Work item: Retype, exactly as written, every line from the one containing "Moldura Circular de" through the last line of the records below, both included; skip the pictures.

Data supplied:
****************************************

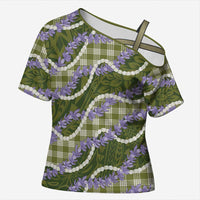 Green Hawaii Palaka Honohono Pikake Cross Shoulder Shirt Hawaiian Orchid Lei Polynesian Pattern LT14 Female Green - Polynesian Pride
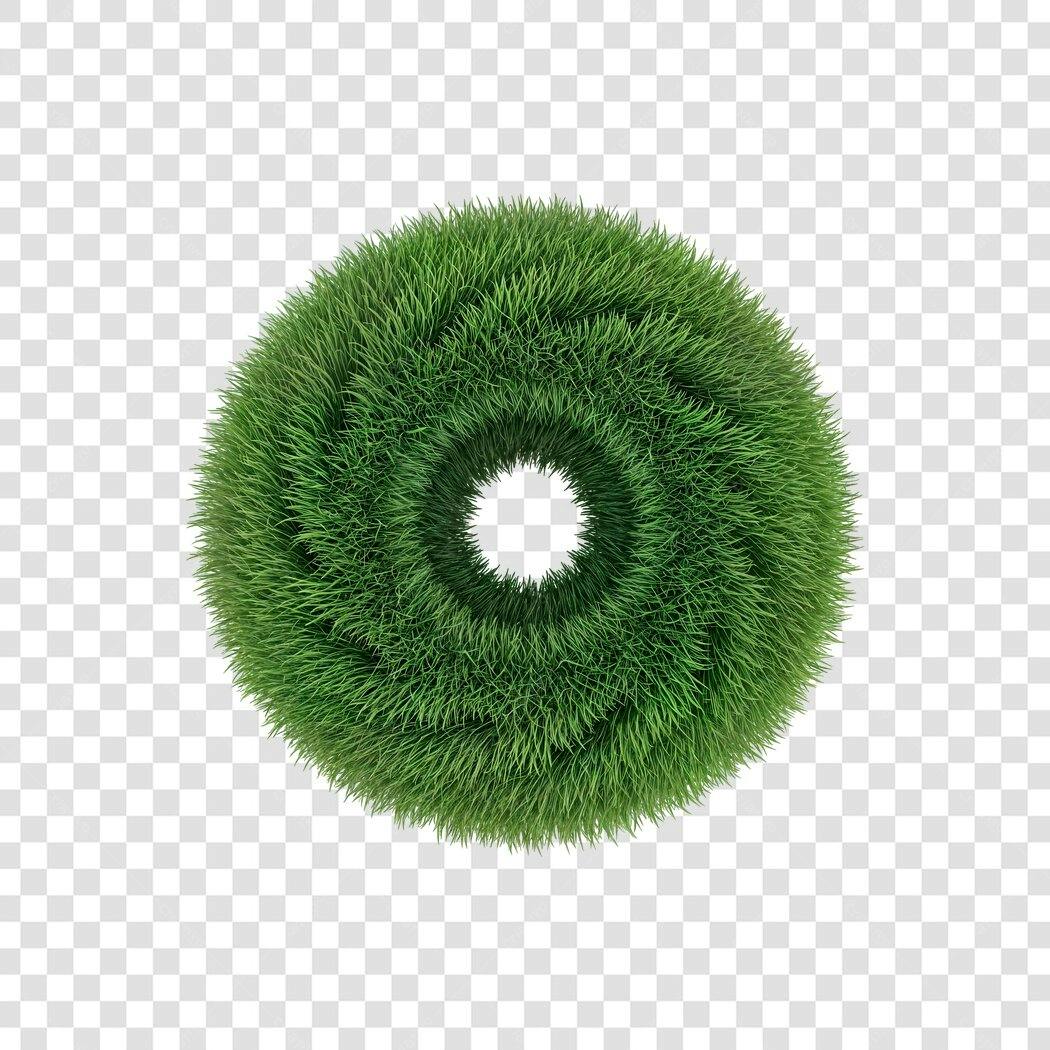 Moldura Circular de Grama Verde Natural para Design Ecológico PNG com fundo transparente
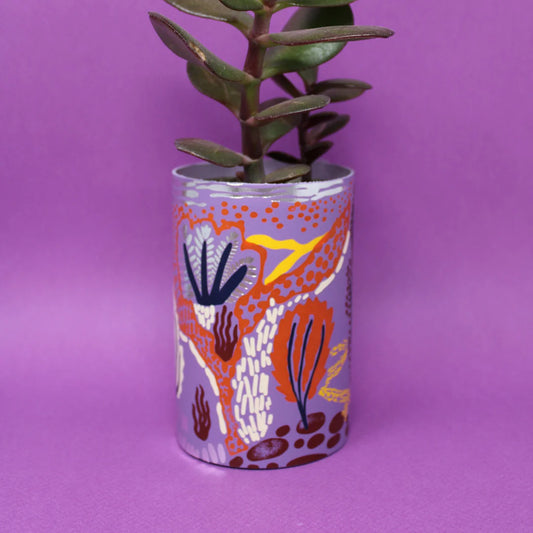 NATURE GARDEN LEATHER POT WRAP // LILAC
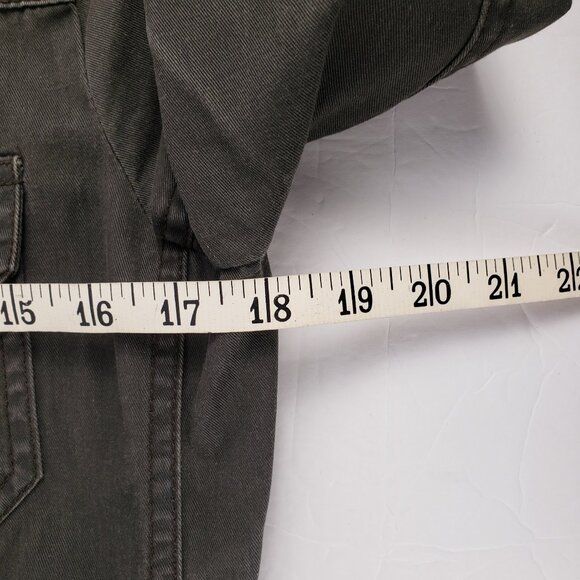 J Crew XS Army Olive Green Boyfriend Field Jacket Adjustable Womens Zipper Coat - Picture 14 of 16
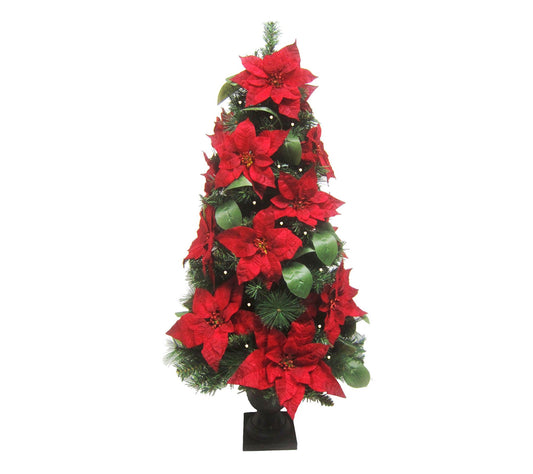 Fraser Hill Farm 4-Ft. Pre Lit Christmas PorchTree with Velve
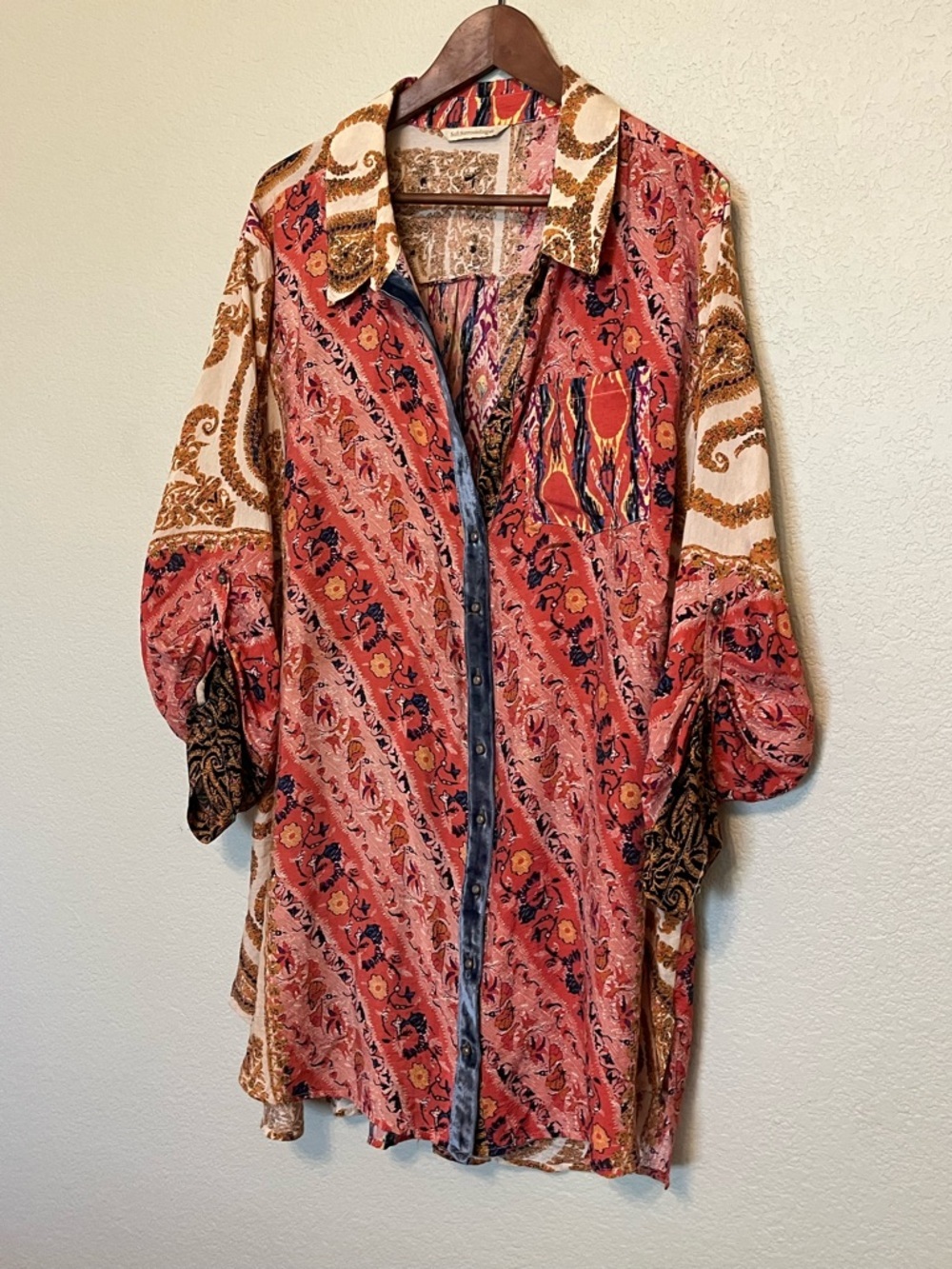 Soft Surroundings Bryn Boho Multicolor Button-Up Tunic Shirt Size 2X - Picture 9 of 16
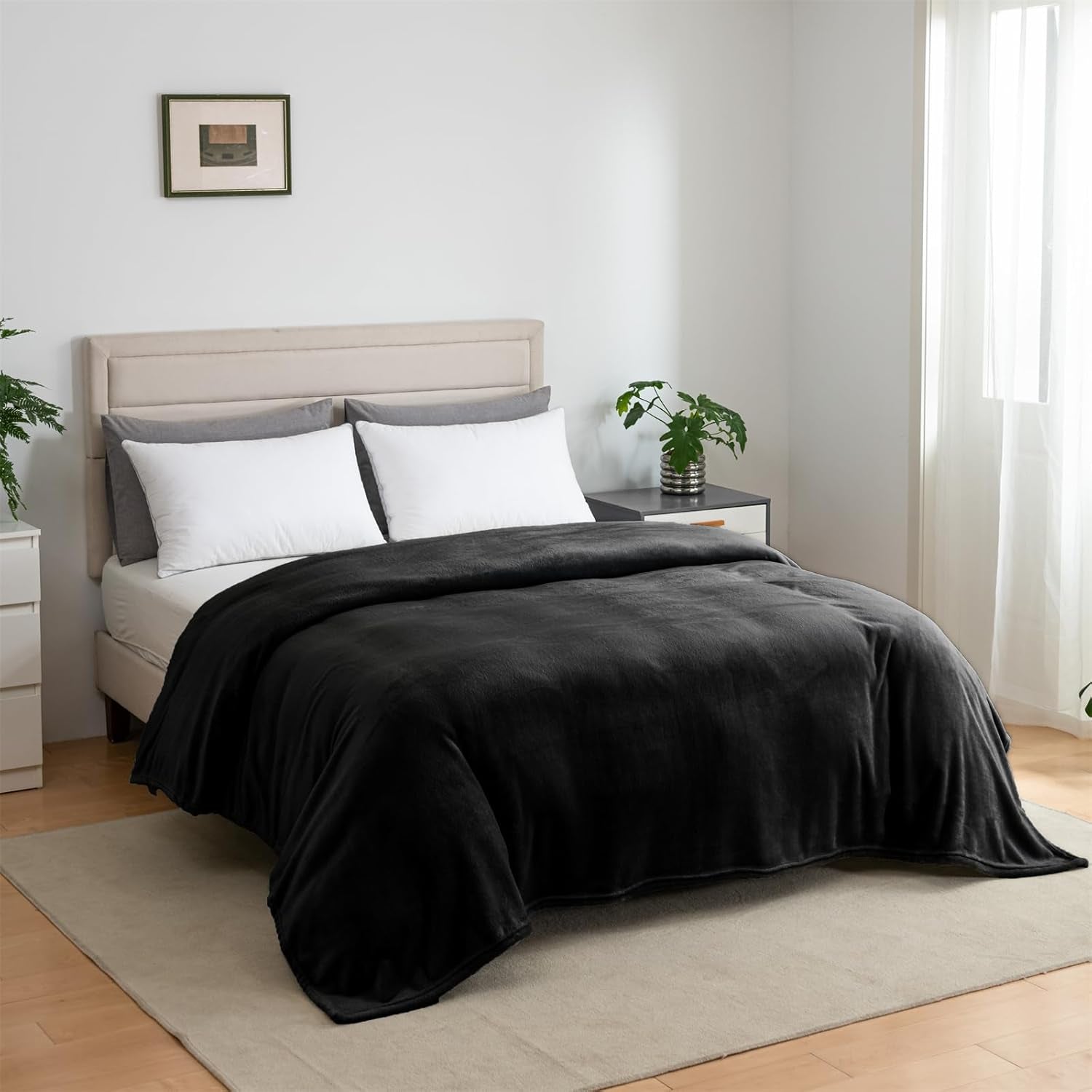 Good Nite Cosy Pătură Pătură pufoasă Pătură de pat Pătură de canapea XL Pătură de locuit Pătură din fleece 150X200Cm Negru Soft Warm Pături Pătură pufoasă Paturi si Cuverturi Good Nite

****************************************

Written answer:
 Moldura Circular de Grama Verde Natural para Design Ecológico PNG com fundo transparente
 NATURE GARDEN LEATHER POT WRAP // LILAC
 J Crew XS Army Olive Green Boyfriend Field Jacket Adjustable Womens Zipper Coat - Picture 14 of 16
 Fraser Hill Farm 4-Ft. Pre Lit Christmas PorchTree with Velve
 Soft Surroundings Bryn Boho Multicolor Button-Up Tunic Shirt Size 2X - Picture 9 of 16
 Good Nite Cosy Pătură Pătură pufoasă Pătură de pat Pătură de canapea XL Pătură de locuit Pătură din fleece 150X200Cm Negru Soft Warm Pături Pătură pufoasă Paturi si Cuverturi Good Nite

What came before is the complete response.